CONTRIBUTOR'S NOTES: O--T

GREAGOIR Ó DUILL was born in Dublin, raised in County Antrim and educated in Belfast, Dublin and Maynooth, where he took a Ph. D. in English. Longtime resident in the Donegal Gaeltacht and associated with the Poets' House there, he was recently lecturer in contemporary literature in the Irish Department in Queen's University, Belfast, and now lectures in creative writing in Waterford Institute of Technology. He is author of eight collections of original poetry in Irish and editor of two anthologies, his selected poems, Rogha Dánta, appeared in 2001. Recent poems have been published by the Irish Times, Cadenza, Cork Literary Review, Heliotrope, South, the Shop, New Hibernia Review, Studies, Cyphers, Scintilla, Poetry Ireland Review and Stand. A collection from Doghouse, Tralee, titled New Room Windows, will be published shortly.

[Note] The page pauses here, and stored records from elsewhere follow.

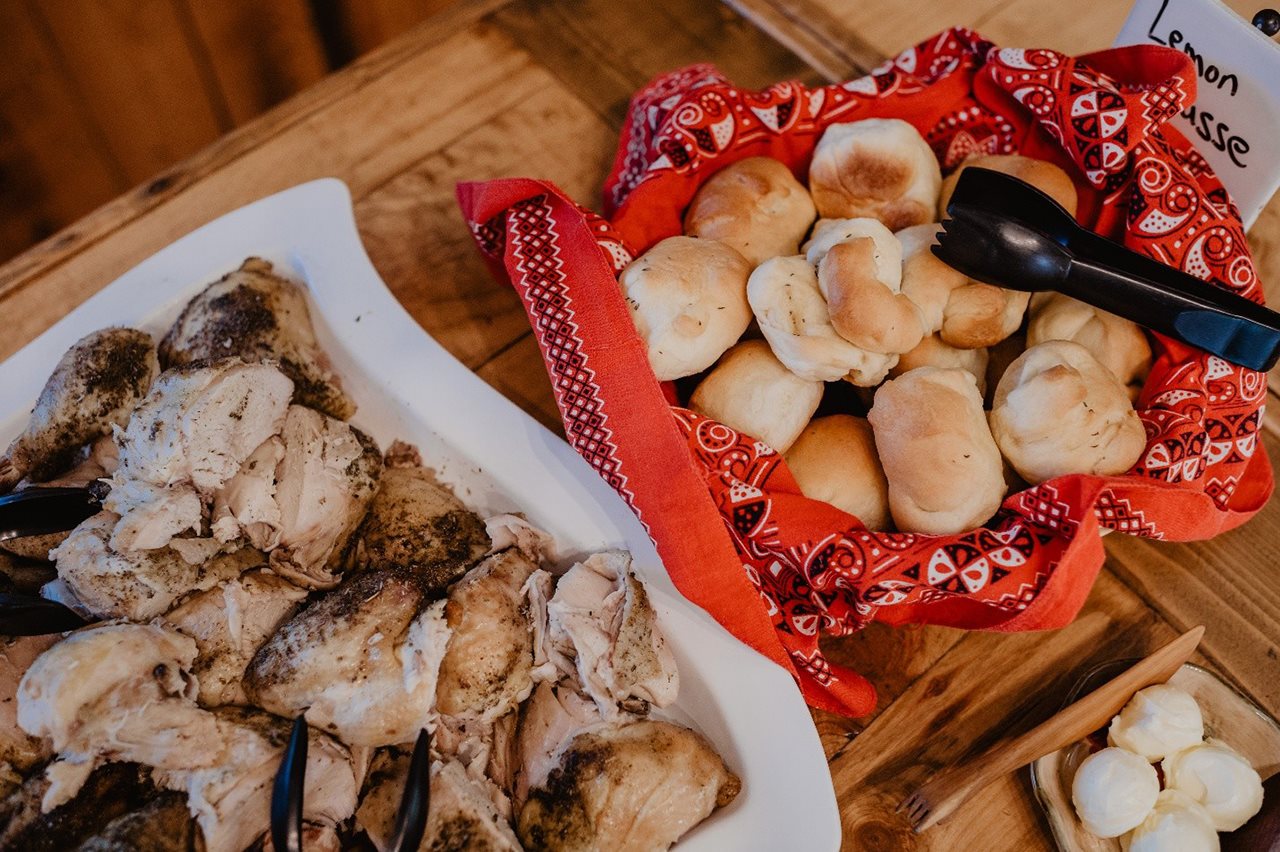 A table with chicken and biscuits for hungry dude ranch guests at Black Tail Ranch.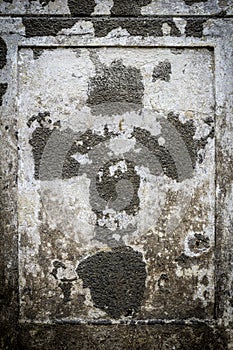 Faded cross on an old parget wall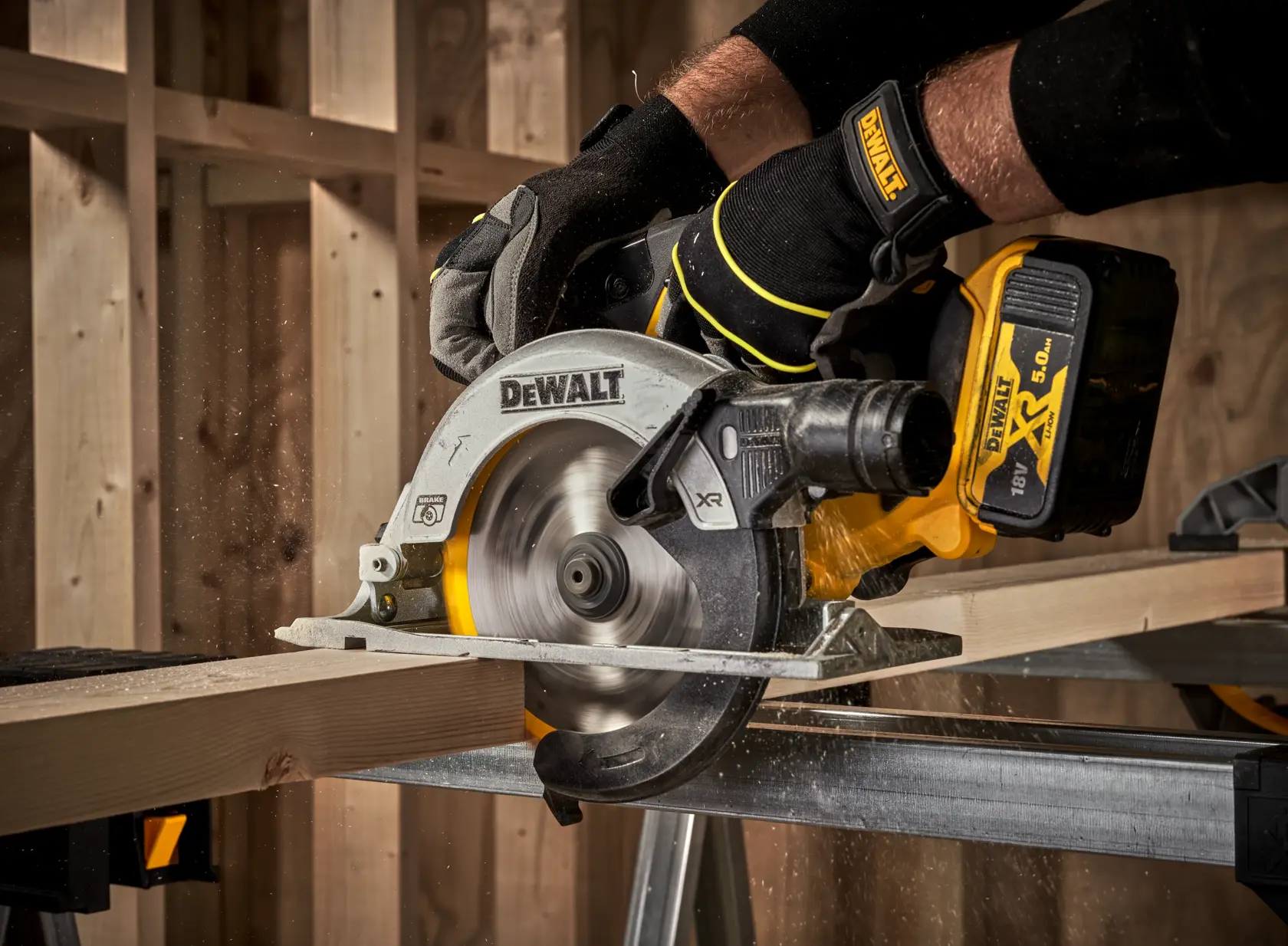 DEWALT DCS565N cordless circular saw cutting wood, operated by gloved hands in a workshop.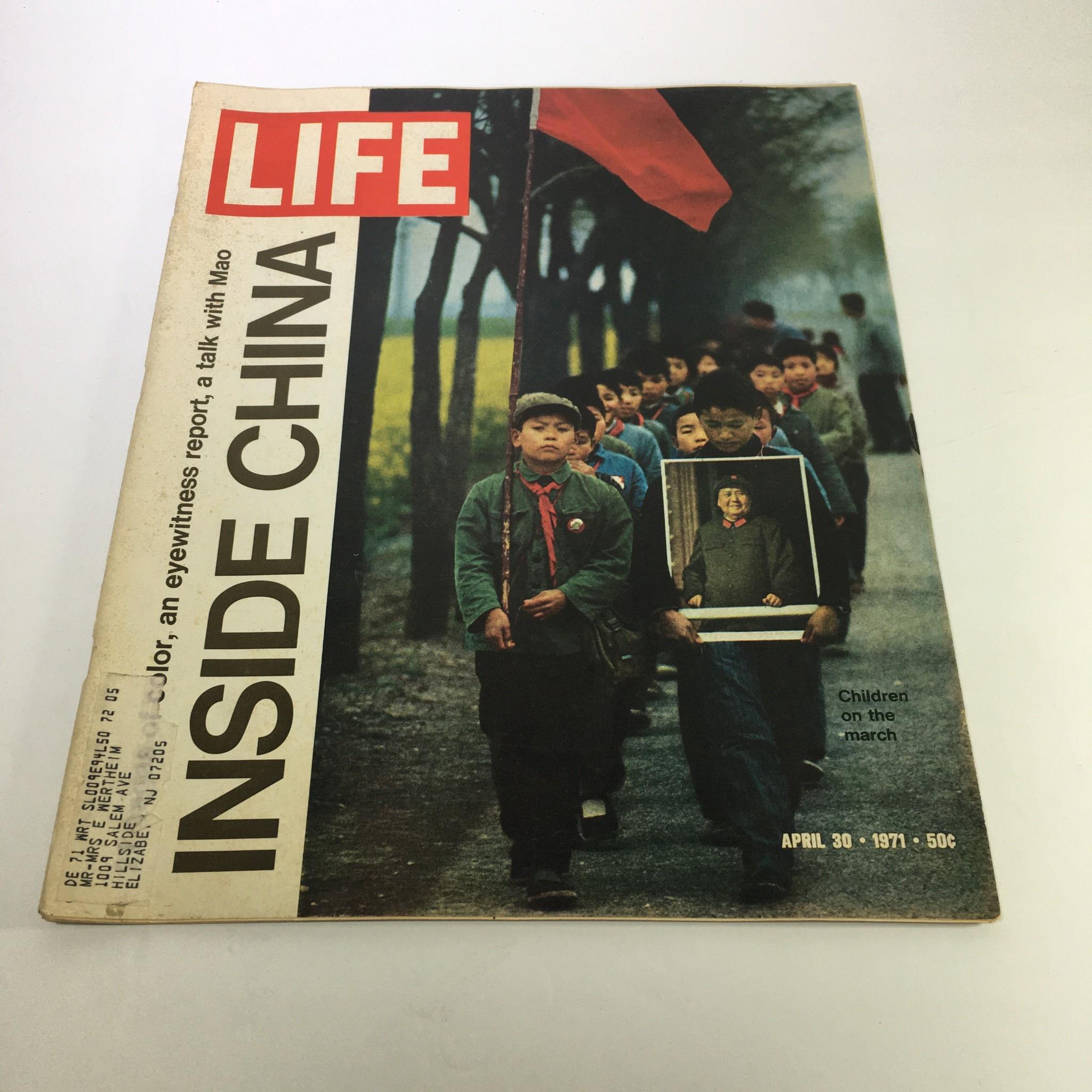 Cover of Life Magazine, April 30, 1971 edition, featuring the title 'Inside China: Children on the march'. The image shows a line of children marching, with one child in the foreground holding a framed picture. This historic magazine explores significant cultural themes in China during a transformative era.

SOPHIE REYNOLDS is a writer living in London, where she is currently studying for an MA in Creative and Life Writing at Goldsmiths College. She grew up in Bath, and studied English, Writing and Performance at the University of York. She has written both poetry and prose from a young age, and has aspirations to write a novel.


S. THOMAS SUMMERS is a teacher of Writing and Literature at Wayne Hills High School in Wayne, NJ. He is the
author of two poetry chapbooks: Death settled well (Shadows Ink Publications, 2006) and Rather, It Should Shin (Pudding House Press, 2007). Summers's poems have appeared in several literary journals and reviews: The English Journal, MiPo, 2River View, The Pedestal Magazine, The Loch Raven Review, etc. Currently, Summers is completing a volume of American Civil War poetry - Private Hercules McGee: Poems of the Civil War. He lives in Northern NewJersey with his wife and children.

NANCY ELLIS TAYLOR is a Los Angele-based writer who gives readings locally several times a year. Most
recently her work has been featured in What Wildness is This: Women Write about the Southwest (Univ.of Texas Press.)